Mark Morris (ed.), Cinema Futura. PS Publishing, 2010. Pp. 271. ISBN 978-1-848630-95-6. £25.00 / $38.75.
Reviewed by Kate Onyett
As a collection of essays, one of the best places to start in ascertaining whether the book has/will hit its mark is in the editor’s forward. It will, after all, be the editor’s guiding hand that will to a greater degree determine the book’s direction. As it turns out, this book emerges from a freely admitted—nay, a proudly stated—ambition to catalogue a genre that the editor, Mark Morris, has a long had an abiding fascination for. He begins with a very personal snippet about the effect of his first horror film on his eleven-year-old self.
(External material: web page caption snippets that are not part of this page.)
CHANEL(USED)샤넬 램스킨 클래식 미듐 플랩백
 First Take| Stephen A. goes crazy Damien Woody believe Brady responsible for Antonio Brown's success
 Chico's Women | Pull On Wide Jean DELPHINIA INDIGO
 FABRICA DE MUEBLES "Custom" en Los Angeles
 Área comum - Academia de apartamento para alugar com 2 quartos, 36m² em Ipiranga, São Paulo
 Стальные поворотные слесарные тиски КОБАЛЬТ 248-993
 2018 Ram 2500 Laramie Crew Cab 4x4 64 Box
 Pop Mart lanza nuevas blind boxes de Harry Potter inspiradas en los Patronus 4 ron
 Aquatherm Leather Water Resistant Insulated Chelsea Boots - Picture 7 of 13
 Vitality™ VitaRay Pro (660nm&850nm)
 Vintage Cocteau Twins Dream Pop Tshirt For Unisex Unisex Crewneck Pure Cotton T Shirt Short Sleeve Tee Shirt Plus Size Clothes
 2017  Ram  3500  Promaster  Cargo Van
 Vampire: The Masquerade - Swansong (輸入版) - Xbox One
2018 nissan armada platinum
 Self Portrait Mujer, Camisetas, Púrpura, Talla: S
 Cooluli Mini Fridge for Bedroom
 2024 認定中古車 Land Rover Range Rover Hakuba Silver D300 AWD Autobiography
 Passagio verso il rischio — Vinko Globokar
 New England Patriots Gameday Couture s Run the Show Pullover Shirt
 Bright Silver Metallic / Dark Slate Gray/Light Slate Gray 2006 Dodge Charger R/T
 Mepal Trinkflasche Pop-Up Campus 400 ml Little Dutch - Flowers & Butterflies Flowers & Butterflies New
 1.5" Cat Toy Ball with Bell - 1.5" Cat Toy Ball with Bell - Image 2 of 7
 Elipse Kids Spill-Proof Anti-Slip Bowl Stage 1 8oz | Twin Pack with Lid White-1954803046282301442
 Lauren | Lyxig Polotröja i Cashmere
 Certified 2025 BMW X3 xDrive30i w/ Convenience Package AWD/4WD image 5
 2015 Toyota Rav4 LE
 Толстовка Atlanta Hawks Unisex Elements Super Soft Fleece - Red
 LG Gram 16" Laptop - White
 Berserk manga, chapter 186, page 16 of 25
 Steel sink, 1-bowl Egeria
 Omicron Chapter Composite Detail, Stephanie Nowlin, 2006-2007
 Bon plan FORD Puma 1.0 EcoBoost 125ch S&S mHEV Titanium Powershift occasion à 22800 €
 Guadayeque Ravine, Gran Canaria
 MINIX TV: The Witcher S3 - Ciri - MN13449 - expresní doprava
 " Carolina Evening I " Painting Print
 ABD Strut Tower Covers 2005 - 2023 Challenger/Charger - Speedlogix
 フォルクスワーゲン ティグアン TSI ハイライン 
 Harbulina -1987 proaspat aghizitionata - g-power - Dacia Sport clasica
And recalls the experience with “fondness and nostalgia.” Having equated horror with science fiction in the arena of speculative fiction, this personal, visceral response is the vein in which he wants his book to run. Morris claims that after the publication of a collection of horror essays he edited, he
intended for there to be a ‘sci-fi’ follow up, and he is
proud of the result (my emphasis). This is a book that
wants to present, not the grave, dry and deeply technical, but the personal and the affecting, from the viewpoint of the affected; moreover, an affected that can lucidly, amusingly, interestingly, describe and to some extent examine the effect they took on board. In describing the brief he gave to his contributors, Morris states that they had ‘carte blanche’ to choose their film, but it was one they had to “champion.” This is no book for the intellectually distant. This is a collection of responses that range from, yes, something of an academic flavour (mentioning in passing social, economic, political and ethical considerations), to the anecdotal, the flippant, the emotional. As Morris himself says, this is a highly subjective book. Perhaps therein lies the base of its charm; it lays the innate subjectivity of any review book, any book of ‘essays on’, wide out into the open. But instead of trying to hide this facet like a dirty little secret as so many ‘intellectual’ tracts attempt to do, it plays on it as a strength. By the writers’ enthusiasms, we are enthused; by their passion and apocryphal moments, we can be recharged, too.